For simplicity, the expressions of the LQR method and the existing nonlinear control method are not given here. The simulation results of the three methods are displayed in Fig. 2.

It can be observed from Fig. 2 that the LQR method, the existing nonlinear control method and the developed method can make the trolley reach the specified position rapidly. However, we can also observe the fact that both the LQR method and the existing nonlinear control method need more time to eliminate the hook swing and even can not eliminate the payload swing, which affects work efficiency and sometimes causes payload damages in some cases. The comparative simulation results of this group show that the proposed control method possesses superior control performance.

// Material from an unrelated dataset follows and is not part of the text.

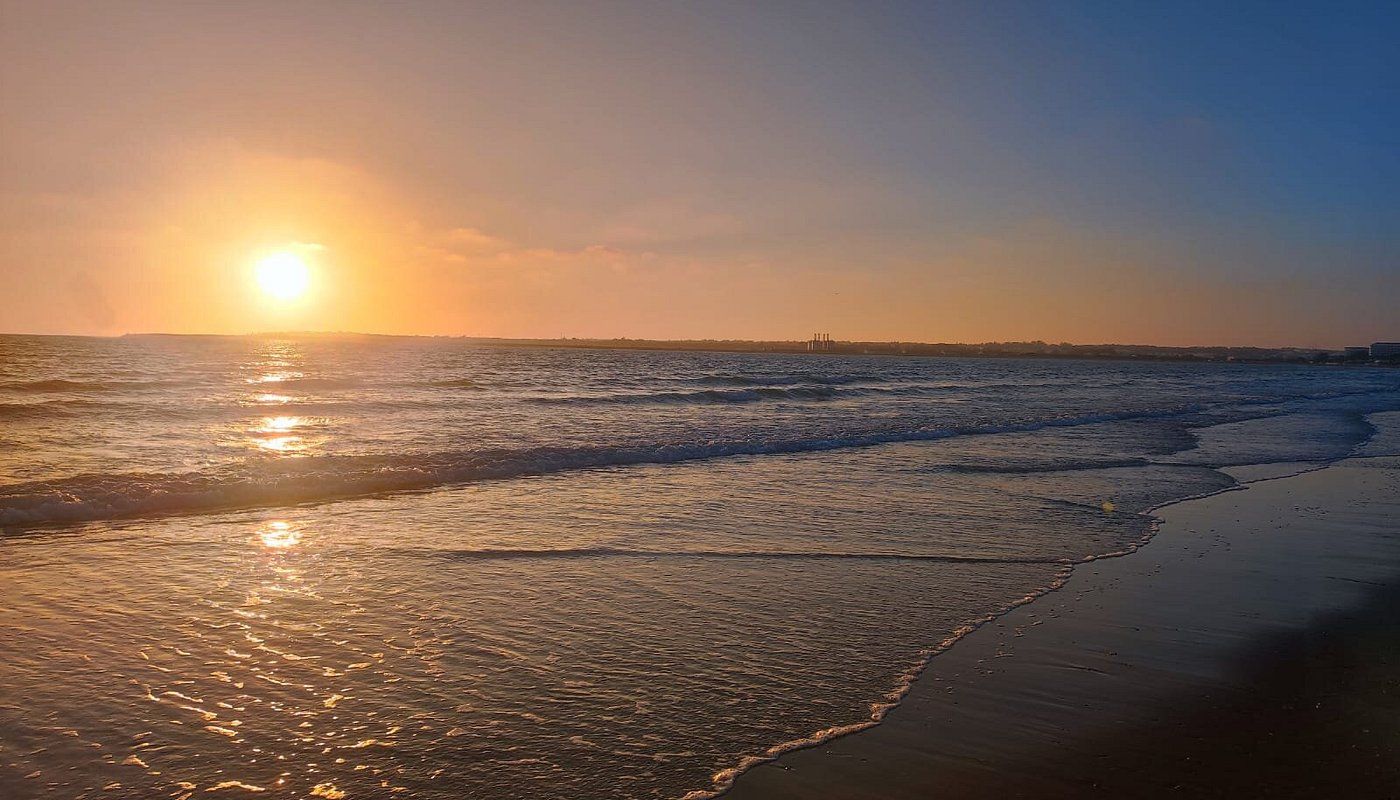 A beach with waves and a sunset.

Stabilization of Different Conditions

For the second simulation test, we will evaluate the control performance of the developed control law with different conditions. Specially, we will examine the performance of the devised control law with the following cases.

Case 1

The desired position is changed from \({x_d=2.4\,\textrm{m}}\) to \({x_d=1.8\,\textrm{m}}\). The initial condition is zero. The system parameters and control gains are selected as the same as those in the comparative simulation part.

Case 2

The system parameters are changed to \(m_c=7\,\textrm{kg}\)\(m_h=0.1\,\textrm{kg}\)\(m_p=1\,\textrm{kg}\)\(l_1=0.4\,\textrm{m}\)\(l_2=0.1\,\textrm{m}\)\(g=9.8\,\mathrm{kg/s^2}\). The initial condition is zero. The desired position and control gains are chosen as the same as those in the comparative simulation part.

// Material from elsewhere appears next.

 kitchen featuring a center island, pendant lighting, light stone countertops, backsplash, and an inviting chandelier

The simulation results of this group are displayed in Figs. 3 and 4, respectively. We can observe from Figs. 3 and 4 that the swing of the hook and payload is successfully suppressed and eliminated with different conditions. The simulation results show that the proposed method has good performance regardless of whether the desired position or system parameters are changed.

Robustness Examination

To examine the robustness of the proposed control method with respect to different external disturbances, we add three kinds of disturbances to the payload. Specifically, random disturbances are imposed on the payload between 10 and \(15\,\textrm{s}\), sinusoid disturbances are imposed on the payload between 22 and \(24\,\textrm{s}\), and impulsive disturbances are imposed on the payload between 30 and \(30.1\,\textrm{s}\), all with the amplitude of \(2^\circ\). All of other conditions are chosen as the same as those in the comparative simulation part.

The simulation results of this group are shown in Fig. 5. From the obtained simulation results, one can find that three types of external disturbances are all eliminated by the proposed control method, which indicates satisfactory robustness with respect to uncertain disturbances.

Conclusions

In this study, a new enhanced anti-swing control strategy is developed for overhead crane systems with double-pendulum dynamics. The presented control algorithm has both the theoretical and practical significance. On the one hand, the double pendulum-dynamics of the overhead crane system is taken into consideration to improve the applicability in practical engineering. On the other hand, a novel control strategy is presented to suppress the payload swing and hook swing. Compared with existing approaches for the double-pendulum overhead crane control, digital simulation results have shown that the presented approach has excellent performance.